→ WORK ORDER
Each line from the start of the data below through the one containing "Nitro Circus: The" must be reproduced exactly.

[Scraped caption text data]
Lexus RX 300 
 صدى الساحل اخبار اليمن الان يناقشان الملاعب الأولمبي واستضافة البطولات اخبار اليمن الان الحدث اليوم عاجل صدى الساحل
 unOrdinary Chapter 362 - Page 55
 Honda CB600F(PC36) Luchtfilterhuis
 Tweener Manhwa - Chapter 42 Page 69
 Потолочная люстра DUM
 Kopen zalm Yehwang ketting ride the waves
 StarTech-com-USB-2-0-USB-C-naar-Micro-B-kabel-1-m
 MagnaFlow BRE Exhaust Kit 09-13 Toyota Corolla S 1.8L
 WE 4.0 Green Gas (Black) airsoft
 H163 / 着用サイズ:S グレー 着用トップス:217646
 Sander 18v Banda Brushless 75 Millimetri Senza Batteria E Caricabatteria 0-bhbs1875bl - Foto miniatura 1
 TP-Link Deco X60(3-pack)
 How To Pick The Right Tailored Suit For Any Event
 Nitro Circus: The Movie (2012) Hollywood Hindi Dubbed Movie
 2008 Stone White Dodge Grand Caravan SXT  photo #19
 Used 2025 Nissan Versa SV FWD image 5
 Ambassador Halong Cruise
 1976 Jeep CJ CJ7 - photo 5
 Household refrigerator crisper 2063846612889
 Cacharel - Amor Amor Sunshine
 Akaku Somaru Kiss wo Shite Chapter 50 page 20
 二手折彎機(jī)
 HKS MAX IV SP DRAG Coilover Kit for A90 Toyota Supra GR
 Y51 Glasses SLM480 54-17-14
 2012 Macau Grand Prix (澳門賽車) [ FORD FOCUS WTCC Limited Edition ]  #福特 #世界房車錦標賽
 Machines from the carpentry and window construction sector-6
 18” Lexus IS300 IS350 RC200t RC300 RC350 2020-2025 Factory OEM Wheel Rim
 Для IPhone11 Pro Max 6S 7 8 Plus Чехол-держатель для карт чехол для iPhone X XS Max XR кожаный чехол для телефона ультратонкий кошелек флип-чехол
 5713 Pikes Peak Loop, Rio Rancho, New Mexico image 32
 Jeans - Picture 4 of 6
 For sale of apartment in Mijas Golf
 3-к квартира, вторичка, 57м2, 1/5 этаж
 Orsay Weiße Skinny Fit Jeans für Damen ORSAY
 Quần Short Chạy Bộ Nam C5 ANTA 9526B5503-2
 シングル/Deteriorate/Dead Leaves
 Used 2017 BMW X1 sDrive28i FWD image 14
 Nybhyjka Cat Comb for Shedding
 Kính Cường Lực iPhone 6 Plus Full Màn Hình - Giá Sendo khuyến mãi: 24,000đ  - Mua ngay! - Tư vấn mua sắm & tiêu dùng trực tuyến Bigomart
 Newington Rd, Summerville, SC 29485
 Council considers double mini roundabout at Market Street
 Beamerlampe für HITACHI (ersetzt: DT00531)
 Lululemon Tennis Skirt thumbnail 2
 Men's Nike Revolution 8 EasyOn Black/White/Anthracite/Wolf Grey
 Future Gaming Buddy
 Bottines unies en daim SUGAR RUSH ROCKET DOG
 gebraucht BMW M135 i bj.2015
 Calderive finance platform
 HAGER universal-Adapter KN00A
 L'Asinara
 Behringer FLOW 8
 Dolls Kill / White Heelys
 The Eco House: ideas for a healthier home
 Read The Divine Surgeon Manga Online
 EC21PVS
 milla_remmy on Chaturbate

→ RESPONSE FOR THIS EXERCISE
Lexus RX 300 
 صدى الساحل اخبار اليمن الان يناقشان الملاعب الأولمبي واستضافة البطولات اخبار اليمن الان الحدث اليوم عاجل صدى الساحل
 unOrdinary Chapter 362 - Page 55
 Honda CB600F(PC36) Luchtfilterhuis
 Tweener Manhwa - Chapter 42 Page 69
 Потолочная люстра DUM
 Kopen zalm Yehwang ketting ride the waves
 StarTech-com-USB-2-0-USB-C-naar-Micro-B-kabel-1-m
 MagnaFlow BRE Exhaust Kit 09-13 Toyota Corolla S 1.8L
 WE 4.0 Green Gas (Black) airsoft
 H163 / 着用サイズ:S グレー 着用トップス:217646
 Sander 18v Banda Brushless 75 Millimetri Senza Batteria E Caricabatteria 0-bhbs1875bl - Foto miniatura 1
 TP-Link Deco X60(3-pack)
 How To Pick The Right Tailored Suit For Any Event
 Nitro Circus: The Movie (2012) Hollywood Hindi Dubbed Movie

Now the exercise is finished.